For Peter, this isn’t just a technology story. It’s a leadership one.
“Doing nothing is a choice. And in this case, it’s a costly one. The opportunity is here now, before the gap widens too far. Don’t wait for a playbook. Start experimenting, start learning, and start leveraging the tools. Because this is only going in one direction.”
About Peter Beard
Peter Beard is Founder and Director of GenFinance.AI, specialising in AI adoption for finance teams. ACA qualified with over 5 years at EY, he advanced from Assurance Associate to Assistant Manager, leading audits for businesses up to £1.9bn revenue.

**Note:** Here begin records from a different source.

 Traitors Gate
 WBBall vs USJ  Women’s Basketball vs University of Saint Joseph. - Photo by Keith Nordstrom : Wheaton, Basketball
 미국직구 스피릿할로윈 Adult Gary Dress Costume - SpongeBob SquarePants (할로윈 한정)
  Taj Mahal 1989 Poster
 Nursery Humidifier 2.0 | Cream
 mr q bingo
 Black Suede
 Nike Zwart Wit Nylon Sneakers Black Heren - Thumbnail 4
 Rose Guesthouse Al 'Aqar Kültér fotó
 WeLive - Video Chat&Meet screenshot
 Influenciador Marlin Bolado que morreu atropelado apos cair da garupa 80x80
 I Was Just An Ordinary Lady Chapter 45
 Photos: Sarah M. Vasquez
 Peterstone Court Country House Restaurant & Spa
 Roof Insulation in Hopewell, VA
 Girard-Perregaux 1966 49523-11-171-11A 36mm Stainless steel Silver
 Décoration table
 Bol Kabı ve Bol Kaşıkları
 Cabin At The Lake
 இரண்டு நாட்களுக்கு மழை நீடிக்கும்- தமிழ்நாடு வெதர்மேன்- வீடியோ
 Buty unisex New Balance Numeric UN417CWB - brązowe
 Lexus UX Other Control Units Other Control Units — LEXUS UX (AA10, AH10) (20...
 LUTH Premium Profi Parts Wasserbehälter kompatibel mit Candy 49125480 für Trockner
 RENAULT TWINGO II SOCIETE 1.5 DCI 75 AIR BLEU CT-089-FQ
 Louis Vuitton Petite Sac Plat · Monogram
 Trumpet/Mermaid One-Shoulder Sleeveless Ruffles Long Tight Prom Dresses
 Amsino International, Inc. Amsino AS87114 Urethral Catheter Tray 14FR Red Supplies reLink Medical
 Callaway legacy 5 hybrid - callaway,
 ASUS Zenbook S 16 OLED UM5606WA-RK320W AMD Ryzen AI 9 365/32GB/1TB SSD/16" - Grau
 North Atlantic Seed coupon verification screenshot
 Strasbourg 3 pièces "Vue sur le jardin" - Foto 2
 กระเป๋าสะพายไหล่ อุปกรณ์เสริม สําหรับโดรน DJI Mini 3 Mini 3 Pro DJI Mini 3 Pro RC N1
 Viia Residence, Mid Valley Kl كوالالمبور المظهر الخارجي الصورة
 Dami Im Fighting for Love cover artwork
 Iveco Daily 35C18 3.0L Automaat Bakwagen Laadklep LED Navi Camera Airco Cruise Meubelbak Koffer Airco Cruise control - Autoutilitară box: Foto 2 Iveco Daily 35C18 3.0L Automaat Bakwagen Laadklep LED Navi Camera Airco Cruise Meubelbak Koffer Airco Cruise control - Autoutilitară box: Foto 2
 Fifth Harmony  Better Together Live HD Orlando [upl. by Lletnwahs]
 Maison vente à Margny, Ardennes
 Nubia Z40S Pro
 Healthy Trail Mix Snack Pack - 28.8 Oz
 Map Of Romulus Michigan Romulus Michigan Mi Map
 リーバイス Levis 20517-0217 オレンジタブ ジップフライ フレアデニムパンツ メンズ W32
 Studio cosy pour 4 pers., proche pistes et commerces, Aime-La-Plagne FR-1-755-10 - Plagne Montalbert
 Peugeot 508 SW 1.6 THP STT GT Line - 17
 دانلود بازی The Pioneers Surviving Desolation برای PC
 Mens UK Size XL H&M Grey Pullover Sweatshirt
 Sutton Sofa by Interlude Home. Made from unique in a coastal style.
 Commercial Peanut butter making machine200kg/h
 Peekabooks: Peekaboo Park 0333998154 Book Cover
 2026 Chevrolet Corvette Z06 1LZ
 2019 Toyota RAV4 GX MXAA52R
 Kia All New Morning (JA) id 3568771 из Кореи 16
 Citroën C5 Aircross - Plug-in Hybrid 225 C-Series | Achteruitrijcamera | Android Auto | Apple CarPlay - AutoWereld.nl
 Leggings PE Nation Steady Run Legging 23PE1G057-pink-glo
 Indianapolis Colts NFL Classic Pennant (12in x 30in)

Peter joined EY's exclusive global AI research group (120 of 400,000 staff) after gaining early ChatGPT access just six days post-launch. He now helps CFOs and Finance Directors unlock 1,150-2,300+ annual hours through strategic AI implementation.
Recently appointed to ICAEW's Advisory Boards for Audit & Assurance and Members & Commercial, Peter combines deep financial expertise with practical AI deployment. He advocates immediate adoption, emphasizing "doing nothing is a costly choice" as AI capabilities advance exponentially while skills adoption remains linear.